Bug #26395 if crash during autocommit update to transactional table on master, slave fails
Submitted: 15 Feb 2007 8:37 Modified: 6 Feb 2008 21:58
Reporter: Guilhem Bichot Email Updates:
Status: Closed Impact on me:
None 
Category:MySQL Server: Replication Severity:S3 (Non-critical)
Version:5.0-bk,5.1-bk OS:Linux (linux)
Assigned to: Sven Sandberg CPU Architecture:Any

[15 Feb 2007 8:37] Guilhem Bichot
Description:
cannot exist in <5.0.
When a statement modifies an innodb table in autocommit mode, like this:
insert into t values(1);
then what is written to the binary log is (I'm using statement-based, but row-based in 5.1 has the same problem) these 2 events:
insert into t values(1); (Query_log_event)
Xid_log_event;
then the data is committed inside innodb.
If the master crashes right before writing the Xid_log_event to disk, the binlog may contain only the INSERT.
At restart, InnoDB will rollback.
Slave will replicate the INSERT, and so the result is that on master the statement has been rolled back while on slave it is executed: on master the table does not contain "1", on slave it does.
If running in non-autocommit mode (type "BEGIN;" before the INSERT), a BEGIN event is written before the INSERT, and so slave will execute:
BEGIN;
INSERT;
then it will be told that the binlog ends, and so will know it has to rollback (Format_description_log_event::exec_event() when it executes the Format_description of the next binlog), and it *can* rollback, because it was in non-autocommmit mode, because there was a BEGIN in the binlog.

How to repeat:
set up replication, but start master with:
--debug=d,half_binlogged_transaction
(you need a debug build for that). This option will simulate a master's crash right before writing the Xid_log_event to disk.
Do on master:
create table t(a int) engine=innodb;
show create table t;
insert into t values(1); # master will crash intentionally here
Restart master. Make sure to "stop slave; start slave" on slave, and you should see that on master: t is empty, and on slave: t contains "1" (I tested).

Suggested fix:
change bool MYSQL_LOG::write(THD *thd, IO_CACHE *cache, Log_event *commit_event)
to always write a "BEGIN" event.
It would also make BUG#22540 much less serious (because the wrong end_log_pos would stop affecting Exec_master_log_pos).
[23 May 2007 17:35] Chuck Bell
I examined this bug using version 5.1.19. When running the test outlined with the planned crash, I encountered a different outcome. It seems the master does indeed complete the insert, but it is the slave that does not. 

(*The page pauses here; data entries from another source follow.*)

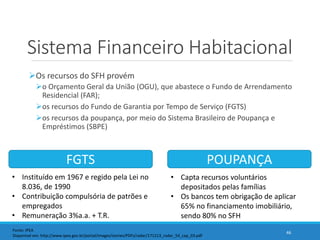 Sistema Financeiro Habitacional
Os recursos do SFH provém
o Orçamento Geral da União (OGU), que abastece o Fundo de Arrendamento
Residencial (FAR);
os recursos do Fundo de Garantia por Tempo de Serviço (FGTS)
os recursos da poupança, por meio do Sistema Brasileiro de Poupança e
Empréstimos (SBPE)
46
FGTS POUPANÇA
• Instituído em 1967 e regido pela Lei no
8.036, de 1990
• Contribuição compulsória de patrões e
empregados
• Remuneração 3%a.a. + T.R.
• Capta recursos voluntários
depositados pelas famílias
• Os bancos tem obrigação de aplicar
65% no financiamento imobiliário,
sendo 80% no SFH
Fonte: IPEA
Disponível em: http://www.ipea.gov.br/portal/images/stories/PDFs/radar/171213_radar_54_cap_03.pdf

When I examined the binlogs after the crash, the master's binlog had the insert and a commit statement in it, but the slave's binlog did not. Even when the slave was restarted, it did not run the insert. 

My suspicion is the planned crash is in the wrong place to duplicate the original bug. It is recommended that this be determined and corrected if necessary. 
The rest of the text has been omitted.